此刻激励李云河奋笔疾书的还不只是这扎根心底的坚定信念,还有那已经看得如此清晰的希望的火光。这火光,他是从粉碎“四人帮”的胜利中看到的,是从邓小平等老一辈无产阶级革命家重新出来工作看到的。一行又一行饱含激情的文字,出现在他的笔端:
“人的一辈子有几个二十年?戴‘反党反社会主义’的帽子谁不怕?”但是——“我现在考虑的不是个人问题,而是农村工作碰到的问题。”
“自从1958年处理永嘉县两大问题以后,农村管理问题以及如何体现按劳分配问题,没人敢搞了。‘四人帮’流毒所及,经营管理更被划为禁区。”
他向党中央请求:
一、指定几位专家,对他的“两大错误”进行解剖;二、对“包产到户”的来龙去脉调查清楚;三、展开一次这方面的讨论。他说,“我愿意在这个问题上做一个‘铺路石子’,起抛砖引玉的作用。”
将近半年之后,具有伟大历史意义的党的十一届三中全会召开了。一个新时期开始了。
标准
党的十一届三中全会的文件,给李云河增添了勇气和力量。他更深地埋头于自己的“户学研究”了。在马列主义经典著作中,他欣喜地发现,家庭,户,在这里并没有被描述成可怕的东西,它“是一个积极要素,它从不停滞不前,而随着社会由较低阶段,发展到较高的阶段。”
针对当时有人惊呼农业生产责任制“危险”,李云河决心站出来讲话了。他是决心让实践,当年和戴洁天等同志一起搞包产到户的实践,站出来说话;让那小册子,纸张已经发黄的
《燎原社包产到户经验总结》的油印小册子,站出来讲话……
1956年,成立高级社之后,永嘉县二十四岁的县委副书记李云河和他的同事们,遇到了新的矛盾,群众的顺口溜唱出来了:“天光等等队,田头烟未未,夜间计工开开会”,懒的人一天天多了,勤的人一天天少了。群众在呼喊:“天天困在田里,困死了,困死了!做功做德把我们解开吧!”
1956年4月29日《人民日报》发表了《合作社和社员都要实行包工包产》的文章,李云河如获至宝。他看了一遍又一遍,一个大胆的、后来几乎决定了他一生命运的想法,在他的脑子里闪现了。
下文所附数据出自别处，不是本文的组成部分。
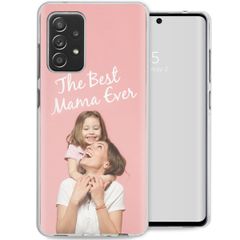 Ontwerp je eigen Clear Case Samsung Galaxy A72 - Transparant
1956年5月,经上级批准,由李云河、戴洁天直接进行的“包产到户”试点在浙江省温州地区永嘉县燎原农业合作社开始了。试点的艰难,无须赘述。只知道戴洁天发高烧四十度,还坚持在第一线,只知道在病房中,李云河还和戴洁天讨论着怎样总结经验。
1956年9月,《燎原社包产到户经验总结》出世了。
它写着:“在明确方向道路的基础上……讨论了我国农业集体化的道路与现代化的道路。结合讨论了少数人负责、多数人不管,与人人负责,哪个有利……明确了加强责任制是目前增产的主要措施,而增加生产,更是农业现代化的重要基础。”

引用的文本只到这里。